===== DATA SEGMENT =====

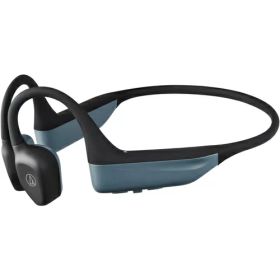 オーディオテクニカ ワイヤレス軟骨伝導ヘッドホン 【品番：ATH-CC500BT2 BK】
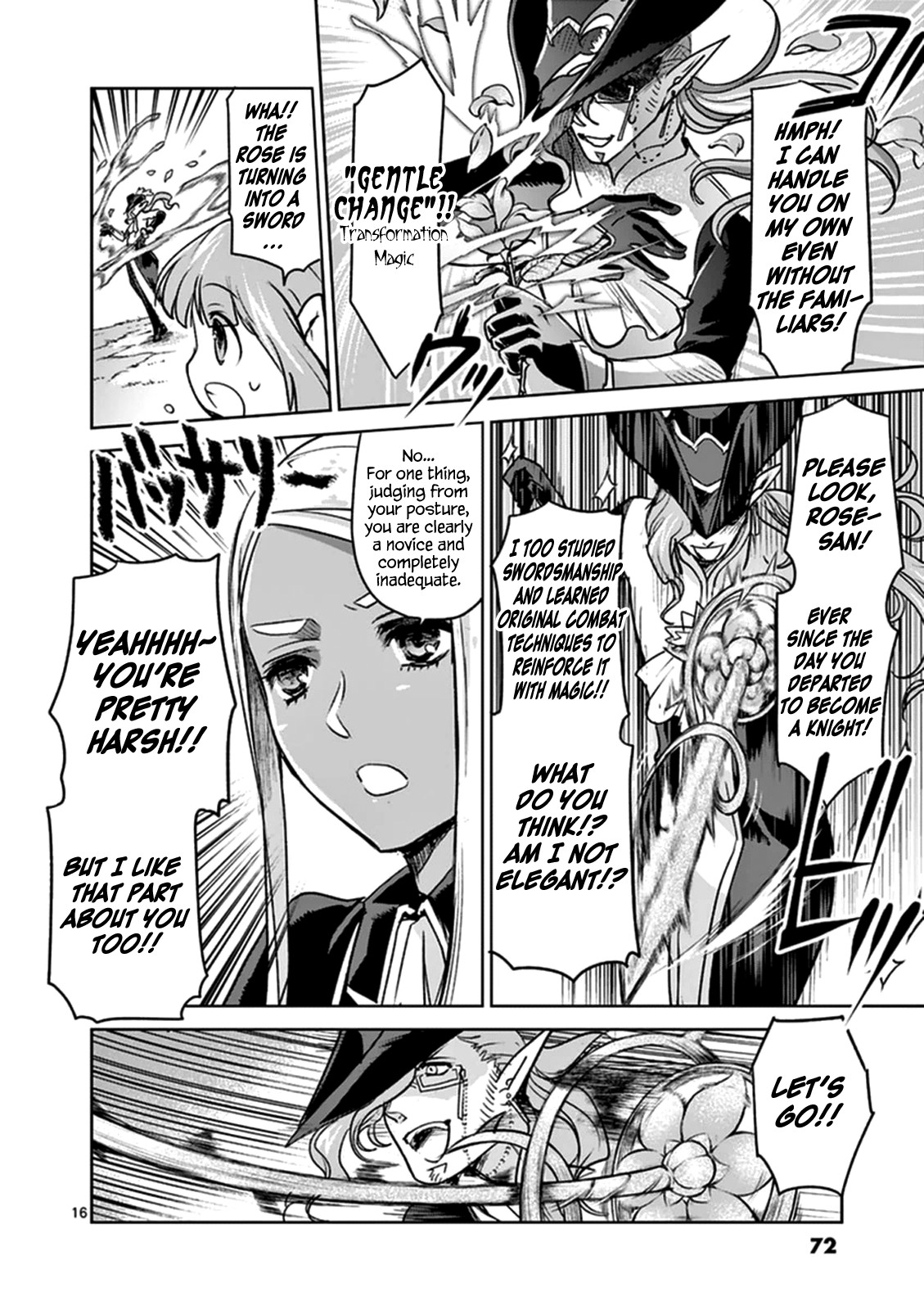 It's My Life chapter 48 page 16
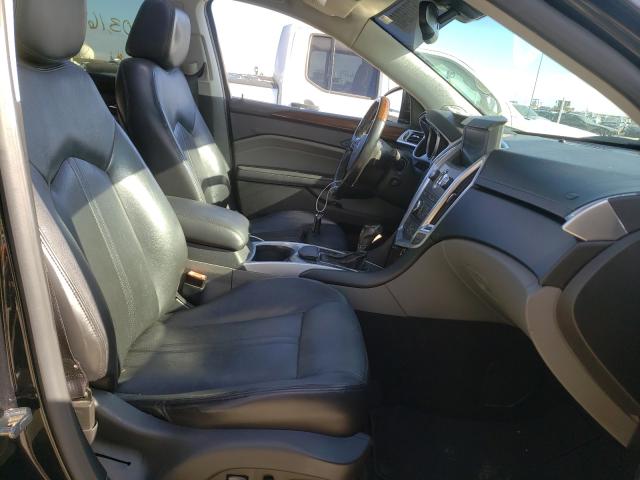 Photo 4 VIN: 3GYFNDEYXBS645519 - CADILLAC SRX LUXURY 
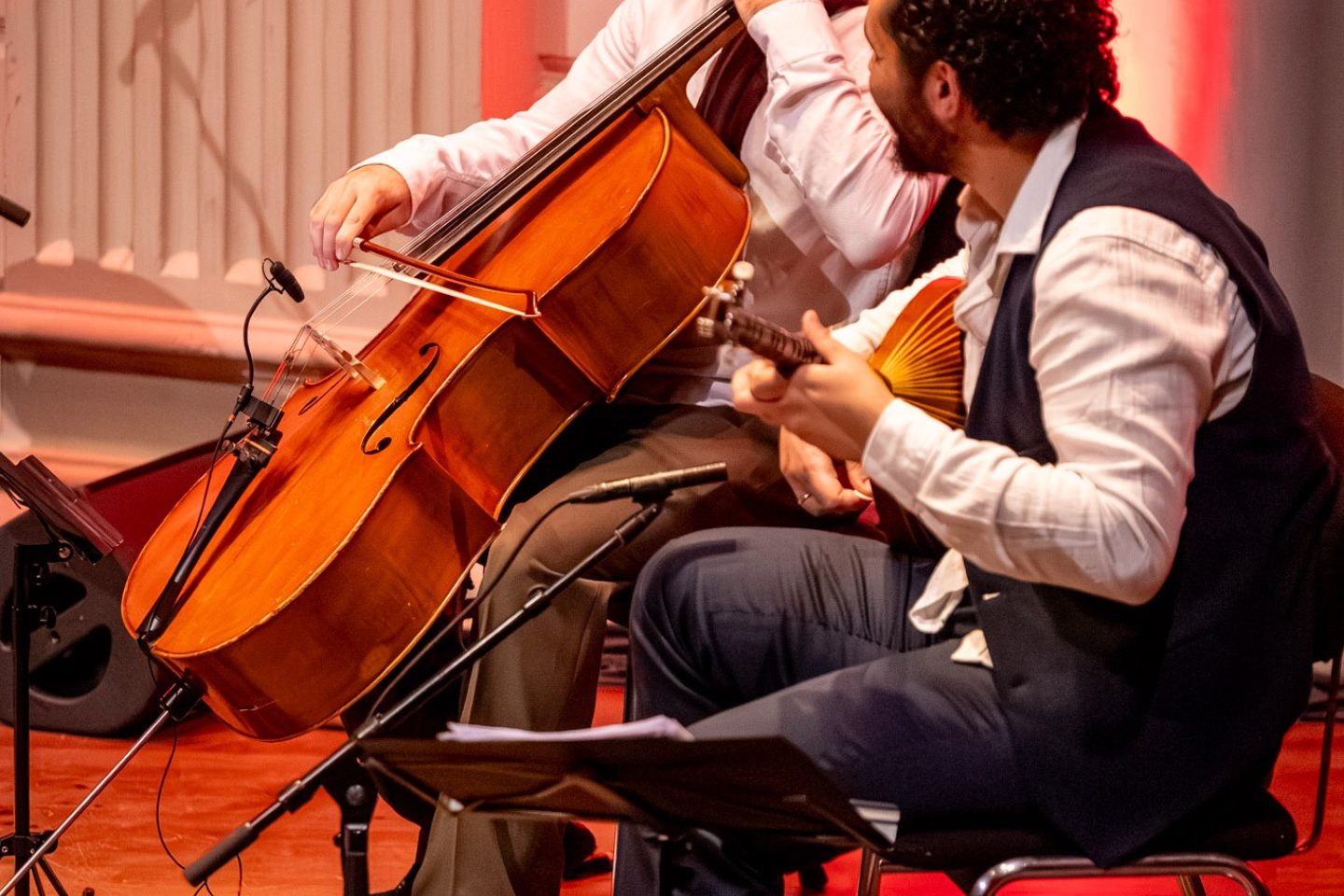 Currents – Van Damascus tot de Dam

=====

- ASSIGNMENT:
A faithful copy is needed: reproduce all of the data above, leaving the pictures out.

- EXERCISE ANSWER:
 オーディオテクニカ ワイヤレス軟骨伝導ヘッドホン 【品番：ATH-CC500BT2 BK】
 It's My Life chapter 48 page 16
 Photo 4 VIN: 3GYFNDEYXBS645519 - CADILLAC SRX LUXURY 
 Currents – Van Damascus tot de Dam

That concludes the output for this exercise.